Gigaton: un’occasione sprecata

Sarebbe a dir poco fazioso e irritante il solito discorso sulle vecchie glorie non più in grado di replicare i fasti di una volta. Allo stesso modo avrebbe veramente poco senso bocciare Gigaton, ultima fatica dei Pearl Jam in uscita il 27 marzo 2020 per Monkeywrench / Republic Records, solo per una mera questione temporale. L’abbiamo capito da decenni, dall’inizio del nuovo millennio, che i picchi dei primi tre album non sarebbero stati più raggiunti. Si tratta del corso naturale del tempo, inesorabile e implacabile, anche per chi ha influenzato generazioni e ha scritto pagine di storia.

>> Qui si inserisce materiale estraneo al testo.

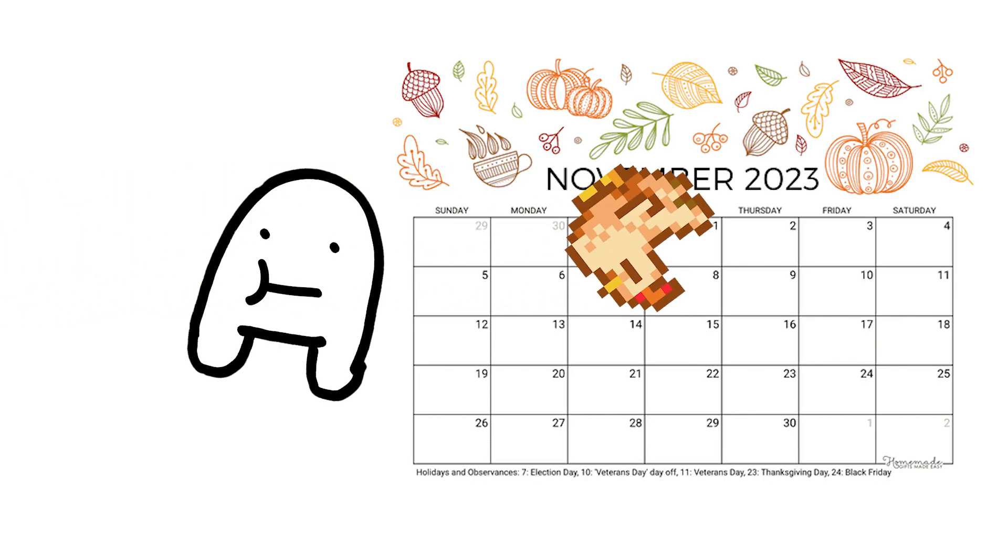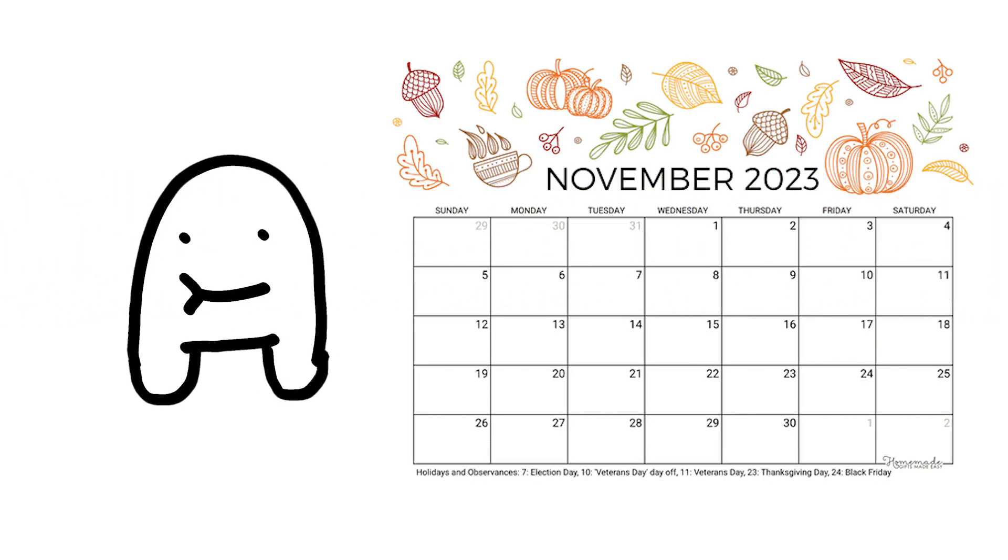But as everyone is aware, it's November, turkeys and shit, not horror. So what are we to do?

Gigaton, e va detto subito come premessa, non funziona non per motivi di nostalgia anacronistica, perché sarebbe come sparare sulla Croce Rossa. Ciò che più infastidisce di un album come questo è la totale mancanza, salvo pochi episodi isolati, di ispirazione. E non si parla di sperimentazione, d’altronde sarebbe inutile aspettarsi un cambiamento radicale da parte di un gruppo che non ha mai variato eccessivamente il proprio sound.

E ciò che infastidisce ancora di più sta nella premessa: il singolo Dance of Clairvoyants, pur non inventando niente di nuovo nelle sue trame new wave anni ’80, dava l’impressione di un’innovazione, leggera ma effettiva, nello stile della band di Seattle. Un’idea prontamente smentita in Gigaton, un lavoro classico nel senso più puro del termine.

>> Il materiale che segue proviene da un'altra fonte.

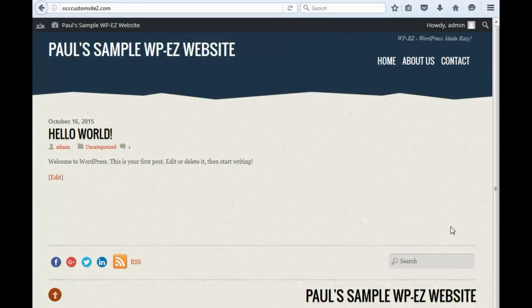Hi, and thanks for using OurChurch.com's WPEZ Website Builder. It's WordPress Made Easy. In this video, I'm going to show you how to edit the header of your website's theme.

Senza girarci attorno, è un problema evidente di composizione, perché sono le canzoni a mancare. Che sia il palese richiamo a Ten di Quick Escape o ancora peggio quello ai lavori più recenti di Alright, si avverte con il passare dei minuti una crescente stanchezza nei Pearl Jam. Una sensazione che si trascina per l’intera durata dell’album, com’è evidente dal piattume dei prevedibili ritmi di Buckle Up o ancora peggio dalla ballad Comes Then Goes, a metà fra country e americana, priva non solo di mordente ma anche di pathos, così come Never Destination, che ha tutta l’aria di essere un esercizio di stile messo lì come riempitivo.

Non manca qualche spunto interessante: oltre al già citato singolo Dance of Clairvoyants, in apertura la grintosa Who Ever Said è il miglior pezzo dell’album fra quelli classici, scritta e strutturata bene in un climax collettivo che esplode a metà brano.

Era prevedibile e scontato non aspettarsi un album essenziale in Gigaton, ma ciò che più dispiace è rimanere con la sensazione, dopo 57 minuti di musica, di un’occasione sprecata.

Saranno sicuramente felici i fan di vecchia data, tutti gli altri passeranno oltre.